PROMPT: Transcribe the records below in their entirety, and leave out each image.

*** Opening DATA RECORDS ***

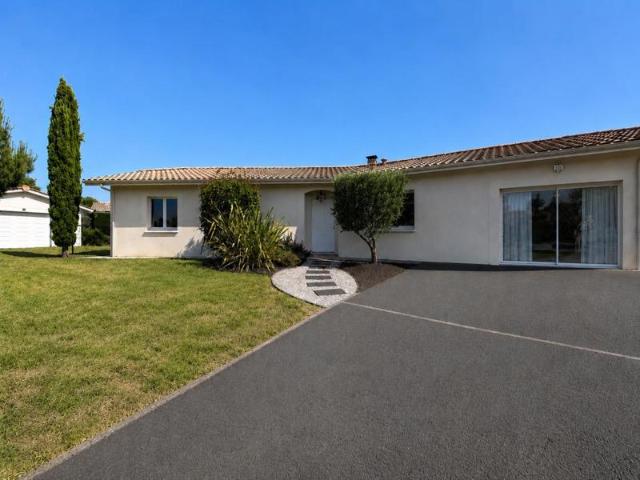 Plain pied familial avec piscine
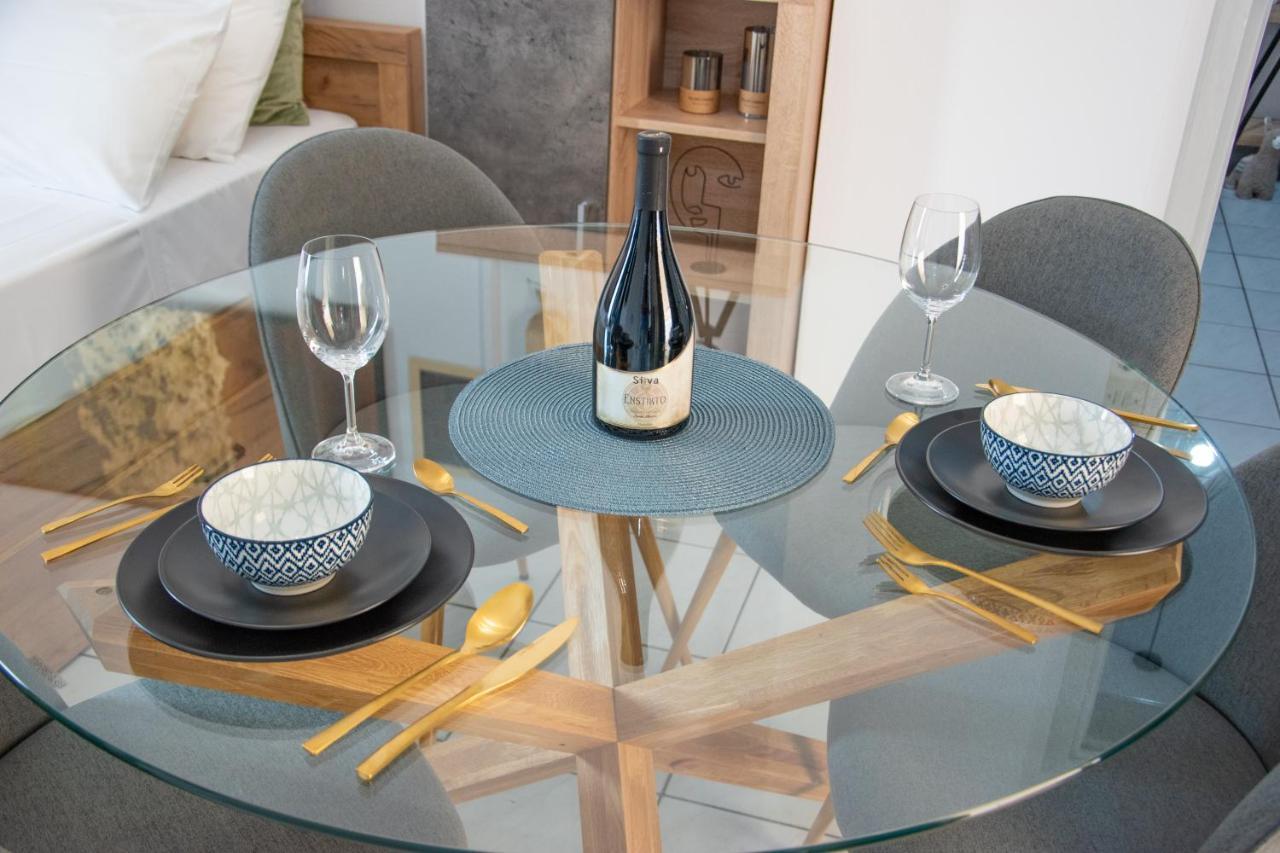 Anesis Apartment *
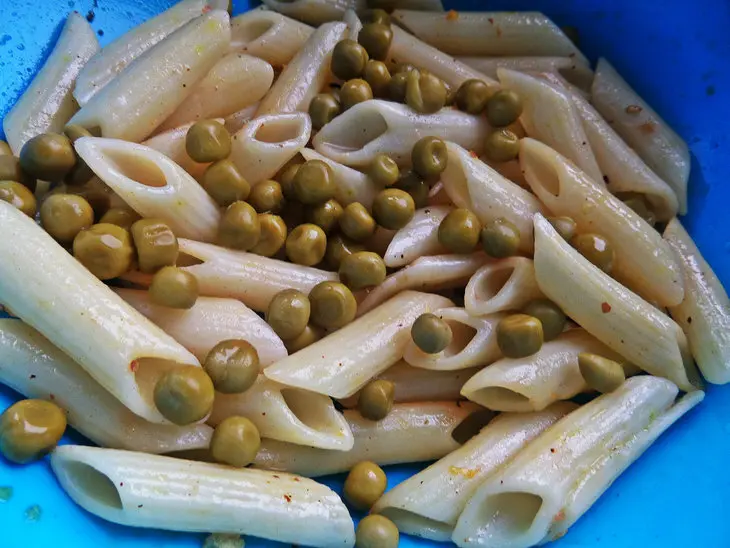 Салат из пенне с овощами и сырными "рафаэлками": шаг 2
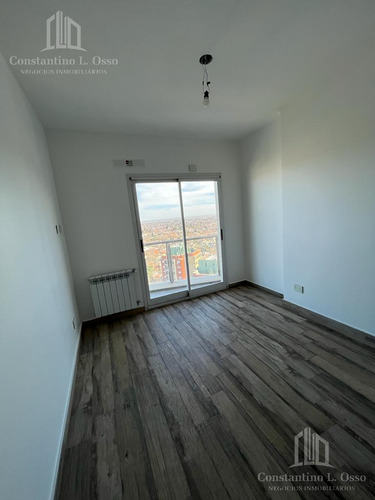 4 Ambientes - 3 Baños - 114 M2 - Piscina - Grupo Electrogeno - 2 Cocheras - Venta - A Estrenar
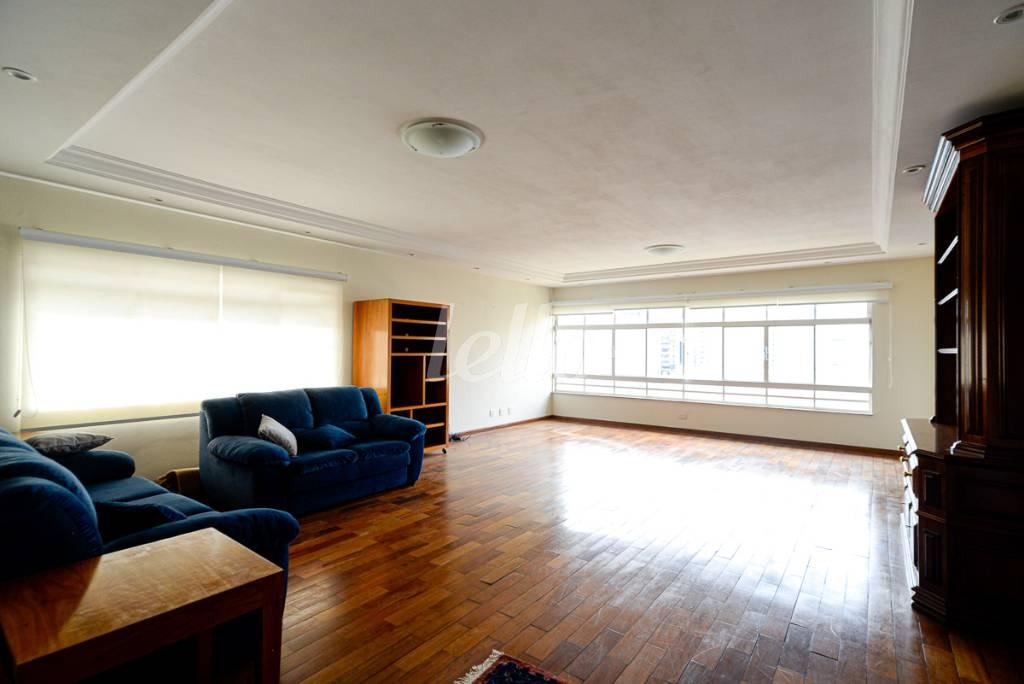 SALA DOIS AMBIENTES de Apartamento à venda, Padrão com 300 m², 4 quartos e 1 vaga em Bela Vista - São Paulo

*** Closing DATA RECORDS ***

ANSWER BOX:
 Plain pied familial avec piscine
 Anesis Apartment *
 Салат из пенне с овощами и сырными "рафаэлками": шаг 2
 4 Ambientes - 3 Baños - 114 M2 - Piscina - Grupo Electrogeno - 2 Cocheras - Venta - A Estrenar
 SALA DOIS AMBIENTES de Apartamento à venda, Padrão com 300 m², 4 quartos e 1 vaga em Bela Vista - São Paulo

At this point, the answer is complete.